GCC offers a generic tuning option for Arm these days, but we select -mtune=cortex-8a instead.
Is this still a good choice?
Thanks, Florian
On Thu, Jan 25, 2018 at 2:46 PM, Florian Weimer fweimer@redhat.com wrote:
GCC offers a generic tuning option for Arm these days, but we select -mtune=cortex-8a instead.
Is this still a good choice?
I suspect the generic tuning is likely a better choice, is there any details about it anywhere? Basically Cortex-A8 is pretty much the lowest common denominator for ARMv7
Peter
On 01/25/2018 03:52 PM, Peter Robinson wrote:
On Thu, Jan 25, 2018 at 2:46 PM, Florian Weimer fweimer@redhat.com wrote:
GCC offers a generic tuning option for Arm these days, but we select -mtune=cortex-8a instead.
Is this still a good choice?
I suspect the generic tuning is likely a better choice, is there any details about it anywhere? Basically Cortex-A8 is pretty much the lowest common denominator for ARMv7
The generic tuning has this:
/* Generic Cortex tuning. Use more specific tunings if appropriate. */ const struct tune_params arm_cortex_tune = { &generic_extra_costs, &generic_addr_mode_costs, /* Addressing mode costs. */ NULL, /* Sched adj cost. */ arm_default_branch_cost, &arm_default_vec_cost, 1, /* Constant limit. */ 5, /* Max cond insns. */ 8, /* Memset max inline. */ 2, /* Issue rate. */ ARM_PREFETCH_NOT_BENEFICIAL, tune_params::PREF_CONST_POOL_FALSE, tune_params::PREF_LDRD_FALSE, tune_params::LOG_OP_NON_SHORT_CIRCUIT_TRUE, /* Thumb. */ tune_params::LOG_OP_NON_SHORT_CIRCUIT_TRUE, /* ARM. */ tune_params::DISPARAGE_FLAGS_NEITHER, tune_params::PREF_NEON_64_FALSE, tune_params::PREF_NEON_STRINGOPS_FALSE, tune_params::FUSE_NOTHING, tune_params::SCHED_AUTOPREF_OFF };
The Cortex-A8 tuning is:
const struct tune_params arm_cortex_a8_tune = { &cortexa8_extra_costs, &generic_addr_mode_costs, /* Addressing mode costs. */ NULL, /* Sched adj cost. */ arm_default_branch_cost, &arm_default_vec_cost, 1, /* Constant limit. */ 5, /* Max cond insns. */ 8, /* Memset max inline. */ 2, /* Issue rate. */ ARM_PREFETCH_NOT_BENEFICIAL, tune_params::PREF_CONST_POOL_FALSE, tune_params::PREF_LDRD_FALSE, tune_params::LOG_OP_NON_SHORT_CIRCUIT_TRUE, /* Thumb. */ tune_params::LOG_OP_NON_SHORT_CIRCUIT_TRUE, /* ARM. */ tune_params::DISPARAGE_FLAGS_NEITHER, tune_params::PREF_NEON_64_FALSE, tune_params::PREF_NEON_STRINGOPS_TRUE, tune_params::FUSE_NOTHING, tune_params::SCHED_AUTOPREF_OFF };
The real difference is in generic_extra_costs vs generic_extra_costs, and too large to include here.
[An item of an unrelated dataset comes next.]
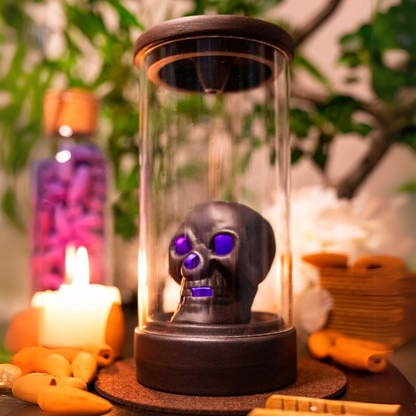 ZenRituals™ - Zen Skull Waterfall Incense Burner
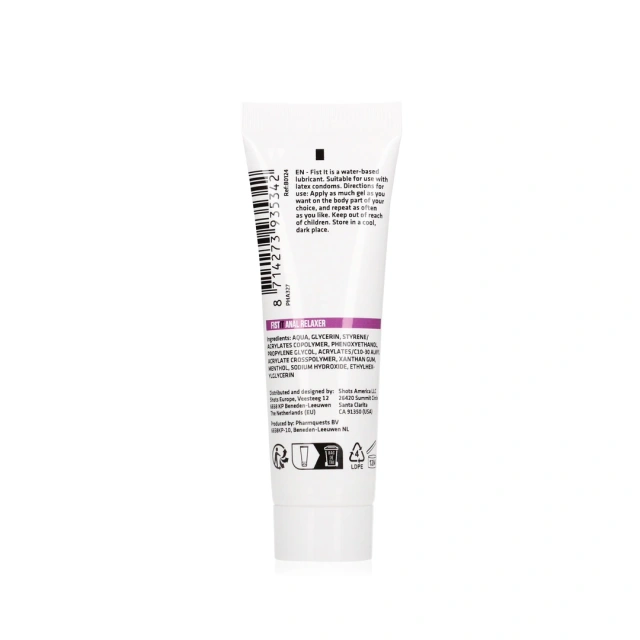 Fist It Anal Relaxer - Lubrykant na bazie wody, 25 ml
One of the differences seems to be that on Cortex-A8, floating point multiply & divide is considered relatively more expensive, if I read the sources correctly. But this all a bit black magic.
Thanks, Florian
On Thu, Jan 25, 2018 at 3:02 PM, Florian Weimer fweimer@redhat.com wrote:
On 01/25/2018 03:52 PM, Peter Robinson wrote:
On Thu, Jan 25, 2018 at 2:46 PM, Florian Weimer fweimer@redhat.com wrote:
GCC offers a generic tuning option for Arm these days, but we select -mtune=cortex-8a instead.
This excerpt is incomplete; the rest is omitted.